Porque todos os livros contam uma história

Book Stories 2.0

Porque todos os livros contam uma história

'A Peste' em tempos de pandemia… má opção

Book Stories, 20.11.20

Castanhos Quentes Citação Inspiradora Outono Pos

           'A Peste', de Albert Camus, foi publicada pela primeira vez em 1947. Esta edição, a que eu tenho, é da Livros do Brasil e chegou às livrarias em julho deste ano.

 

Sinopse

Na manhã de um dia 16 de abril dos anos de 1940, o doutor Bernard Rieux sai do seu consultório e tropeça num rato morto. Este é o primeiro sinal de uma epidemia de peste que em breve toma conta de toda a cidade de Orão, na Argélia. Sujeita a quarentena, esta torna-se um território irrespirável e os seus habitantes são conduzidos até estados de sofrimento, de loucura, mas também de compaixão de proporções desmedidas.
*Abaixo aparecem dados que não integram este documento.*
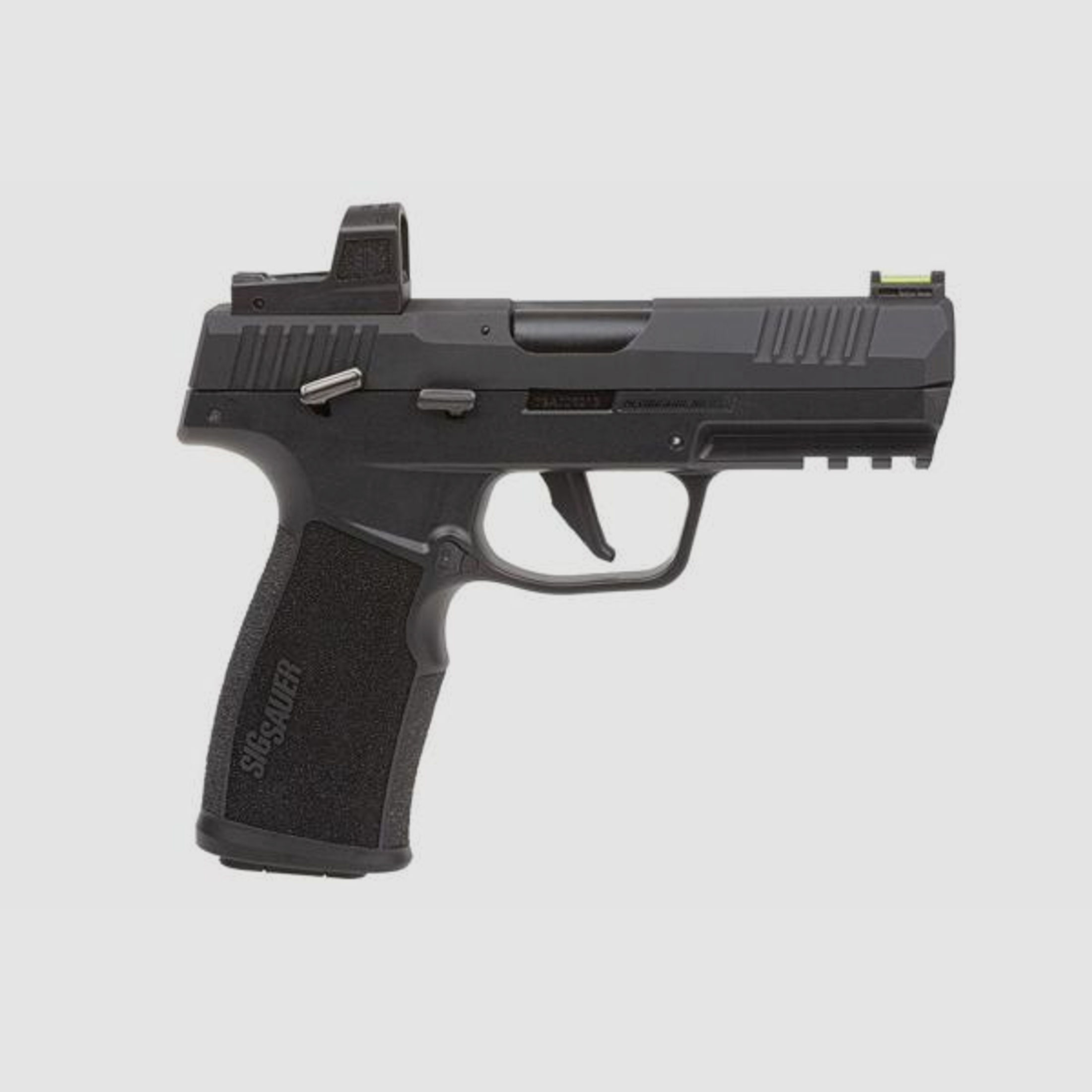 SIG-SAUER KK-Pistole Mod. P322 RXZE -4' .22lr   -RedDot Romeo ZeroElit
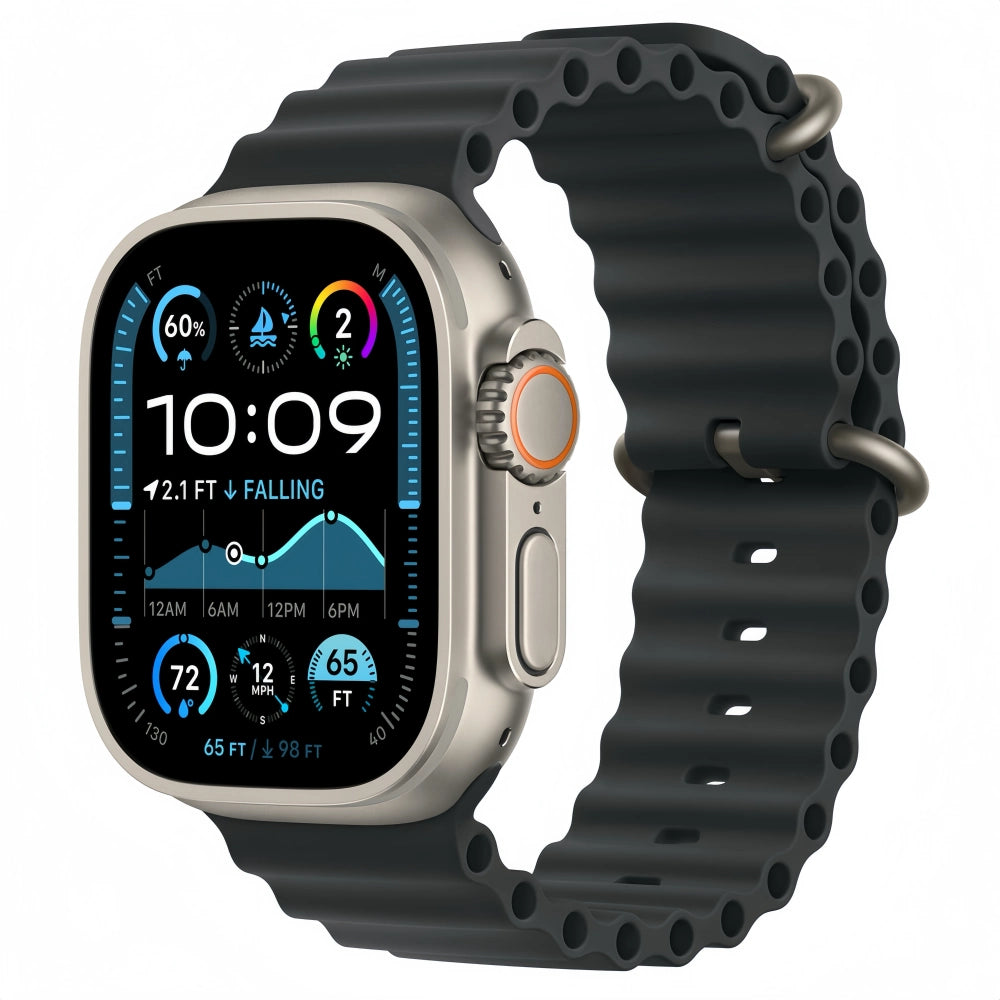 HydroFlex Ocean Band for Apple Watch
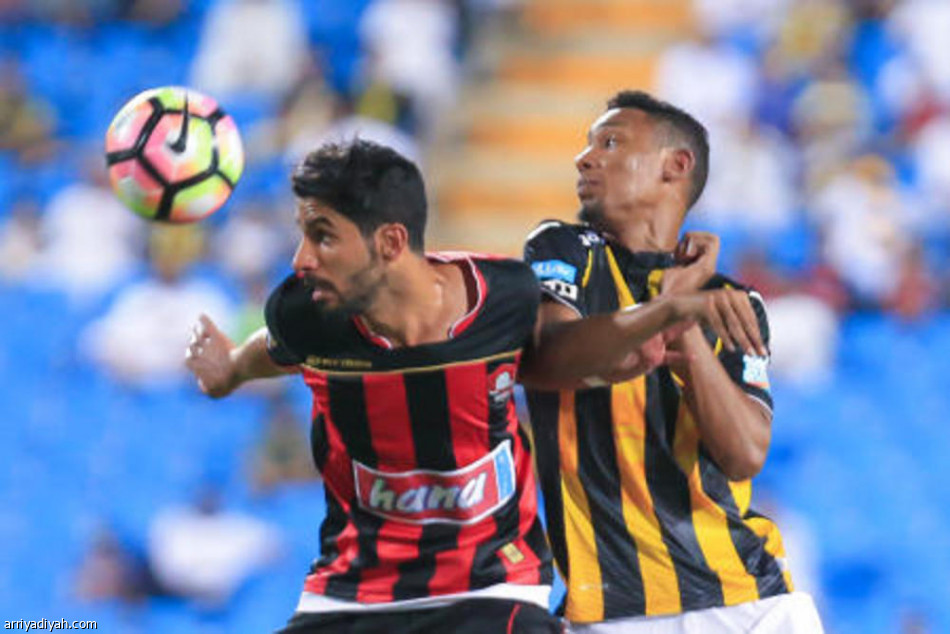 المولد وكهربا ينيران طريق الاتحاد في افتتاحية الدوري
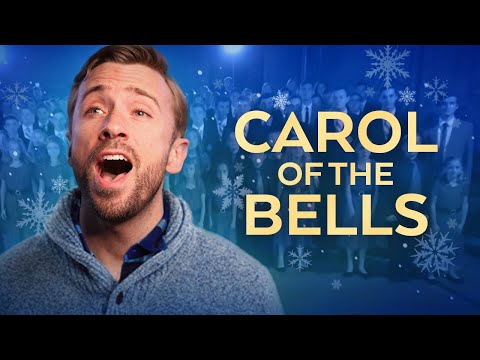 [Official Video] Carol of the Bells - Peter Hollens & Friends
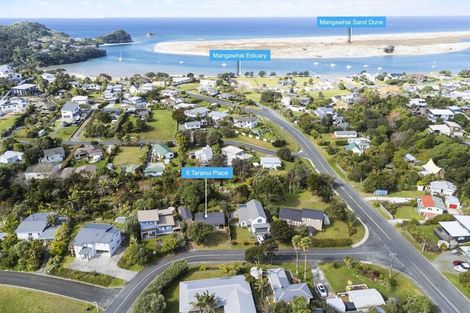 Photo of property in 6 Taranui Place, Mangawhai Heads, Mangawhai, 0505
Uma história arrebatadora sobre o horror, a sobrevivência e a resiliência do ser humano, A Peste é uma parábola de ressonância intemporal, um romance magistralmente construído, que, publicado originalmente em 1947, consagrou em definitivo Albert Camus como um dos autores fundamentais da literatura moderna.

 

Opinião:

Não sabia muito bem ao que ia quando comecei a ler este livro. Aliás, mesmo quando o comprei também não sabia bem qual era a história, mas sabia que o autor era daqueles clássicos que se deve ler e como estava com uma ótima promoção na Feira do Livro, aproveitei.

A verdade é que foi um tormento ler este livro, mas creio que a dificuldade se deveu ao facto de estarmos em fase de pandemia e ‘A Peste’ conta a história de uma cidade que se fecha devido… a uma pandemia.
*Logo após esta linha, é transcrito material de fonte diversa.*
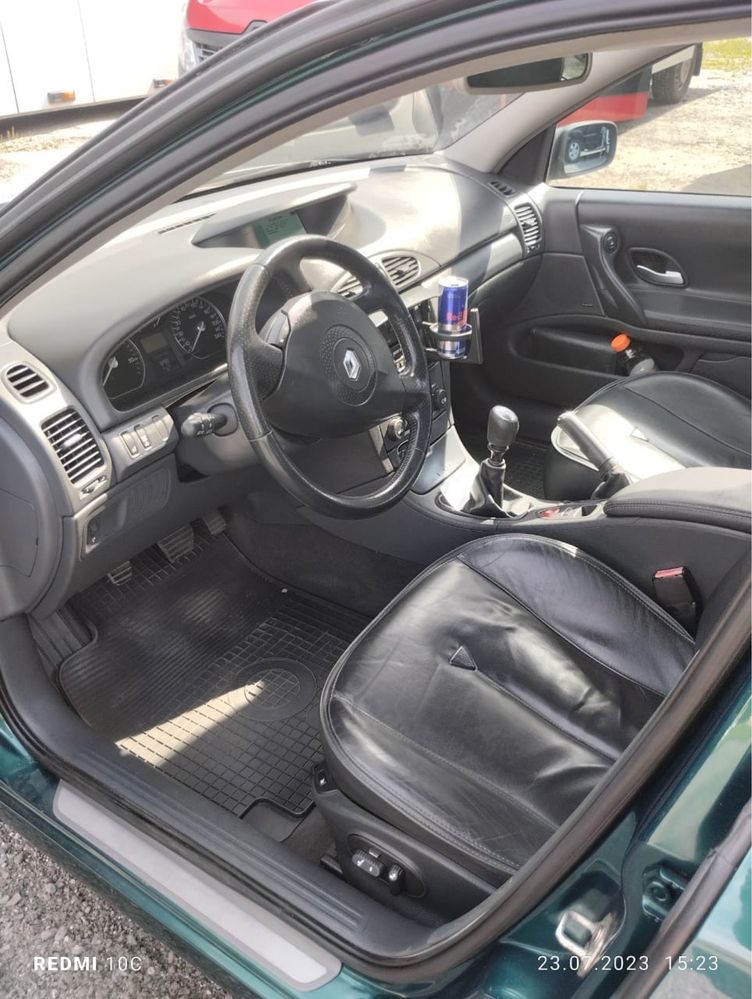 Renault Laguna II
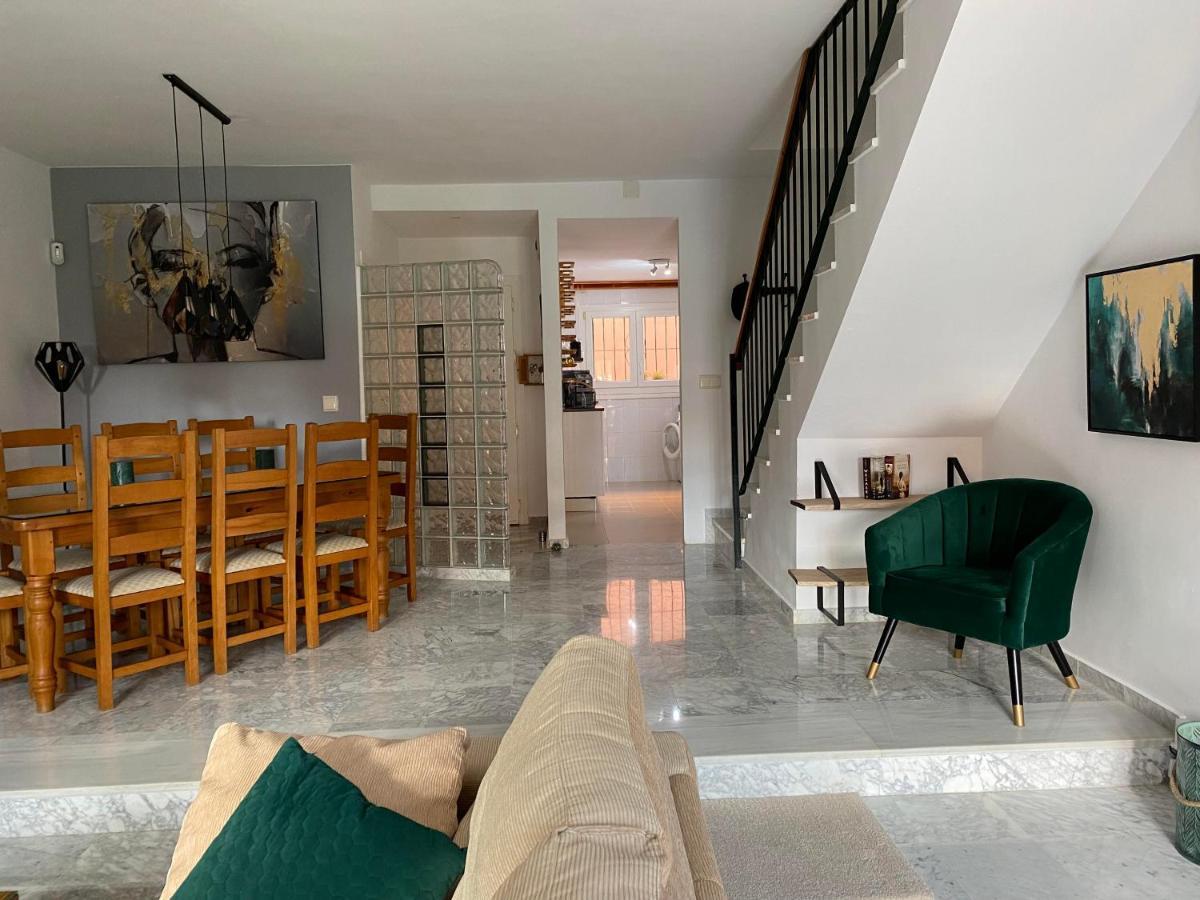 Manilva Beach Casa De Pedro 외부 사진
Tudo começa quando surgem meia dúzia de ratos mortos nas ruas, algo que em pouco tempo toma proporções gigantescas. Fez-me lembrar o início do ano quando a COVID-19 ainda era algo muito pouco conhecido que tinha feito ‘algumas’ vítimas mortais num sítio longínquo. Aliás, a própria diretora da DGS disse que era pouco provável que chegasse a Portugal 🤷

E foi com este sentimento que também os cidadãos de Orão, cidade onde se desenrola a história, encararam os primeiros ratos mortos. “Devem ser os gatos”, pensaram eles.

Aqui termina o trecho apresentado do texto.